Perhaps it's a bias on my part to think that when you remove the poetic elements from a poem, you remove its distinctive qualities; i.e., what makes it a poem. Now, it's simply prose with abbreviated margins.

But, there was a point about midway in Mr. Haxton's collection - a collection, I should add, published by Knopf Borzoi as part of a series "The Knopf Poetry Series" and that's no mean feat to have been selected for that honor - a point when, reading the poem aloud, I found that where he'd started had shifted to a slightly more mature and capable voice, one that did have a measure of music to the words stitched together, held on the page now as if structured and controlled by clef notes rather than a story's need to tell itself.

An example, from "Anatomy," which is a series of poems; this is the first, Hands:

They move against your body for your delight
And leave me to imagine yours for mine.
The joy they feel themselves is incomplete.
Aching under their patchwork of old scars,
Left thumb and forefinger may comb the eyebrows,
Soothing the eyelids shut, and as you breathe
My left palm on the column of your breath lifts.
Under the right your ribcage falls. They feel
What moves us -- heat lightning, quick dark,
Tilt of the night sky soaring into the blood.

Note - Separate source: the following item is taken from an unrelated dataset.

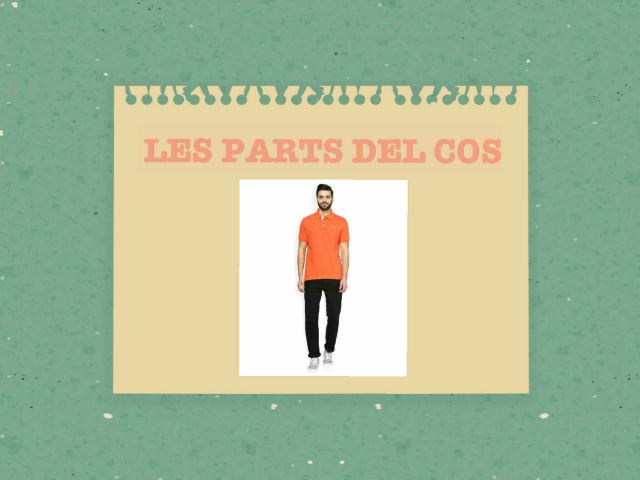Aprenem les parts del cos  by Xavi Viñas Vilella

From this moment forward, I found the poems more engaging, though the earlier poems had their interest, but it was more the interest in a story unwinding, an anecdote, um, related while sitting in a bar nursing a beer.

I'm certain if one were to ask other poets, those more directly in the field, more connected and more central to the circle of the cognoscenti, they could provide a stronger defense and explain the value of Mr. Haxton's poetry; I admit that bias. It is mine, but it's not the same bias that began this review, that one no longer obtains.

I think readers of poetry will find Brooks Haxton's poetry an engaging read overall.